On Wed, Jan 16, 2013 at 11:44 PM, Bruce Momjian <bruce@momjian.us> wrote:
> On Wed, Jan 16, 2013 at 05:04:05PM -0800, Jeff Janes wrote:
>> On Tuesday, January 15, 2013, Stephen Frost wrote:
>>
>> * Gavin Flower (GavinFlower@archidevsys.co.nz) wrote:
>> > How about being aware of multiple spindles - so if the requested
>> > data covers multiple spindles, then data could be extracted in
>> > parallel. This may, or may not, involve multiple I/O channels?
>>
>> Yes, this should dovetail with partitioning and tablespaces to pick up
>> on exactly that.
>>
>>
>> I'd rather not have the benefits of parallelism be tied to partitioning if we
>> can help it. Hopefully implementing parallelism in core would result in
>> something more transparent than that.
>
> We will need a way to know we are not saturating the I/O channel with
> random I/O that could have been sequential if it was single-threaded.
> Tablespaces give us that info; not sure what else does.

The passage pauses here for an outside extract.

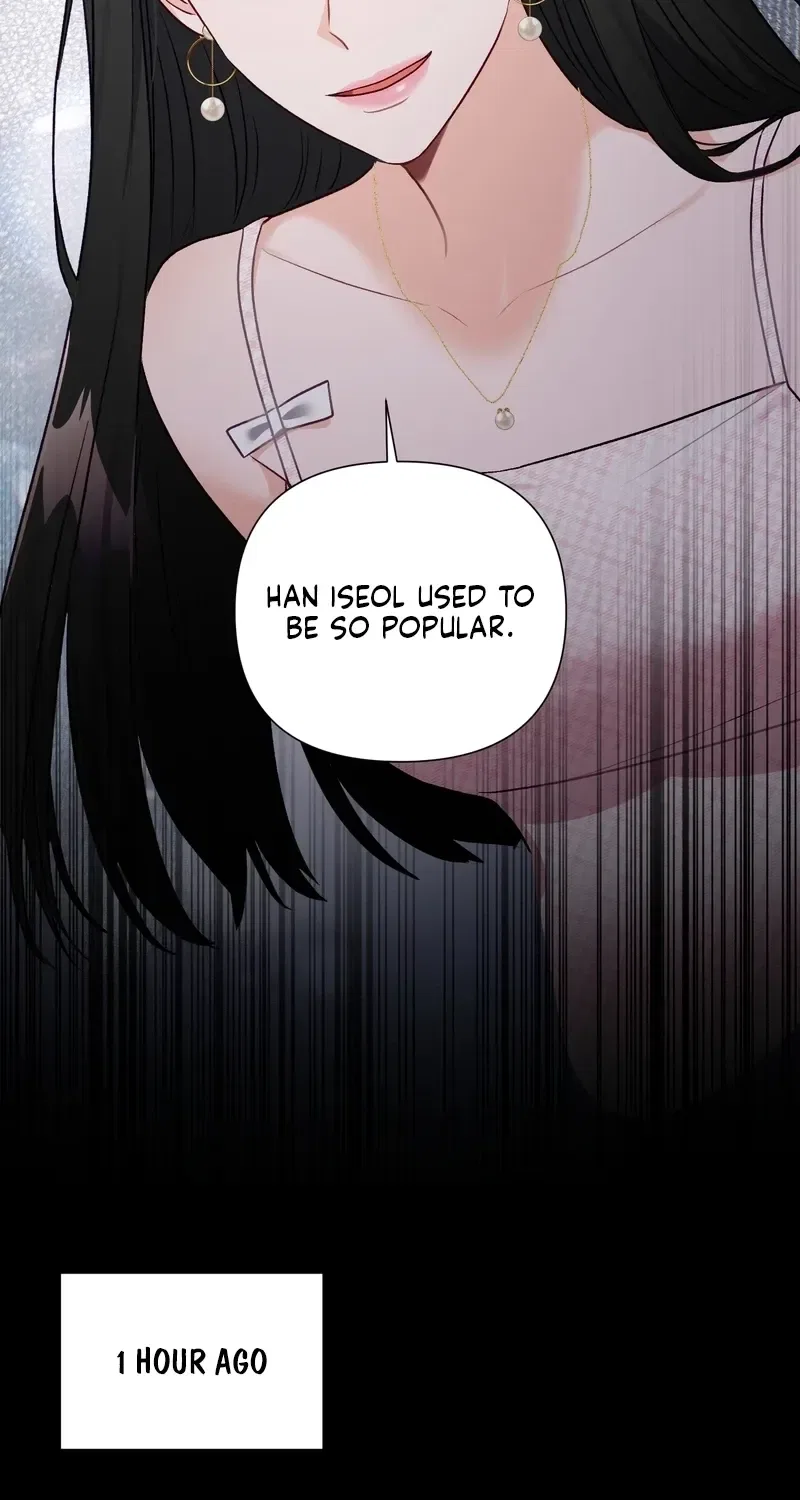 Matched Affair Chapter 21 – Page 58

I do also think tablespaces are a safe bet. But it wouldn't help for
parallelizing sorts or other operations with tempfiles (tempfiles
reside on the same tablespace), or even over a single table (same
tablespace again). And when the query is CPU-bound, it could be
parallelized by simply making a multithreaded memory sort. Well, not
so simply, but I do think it's an important building block.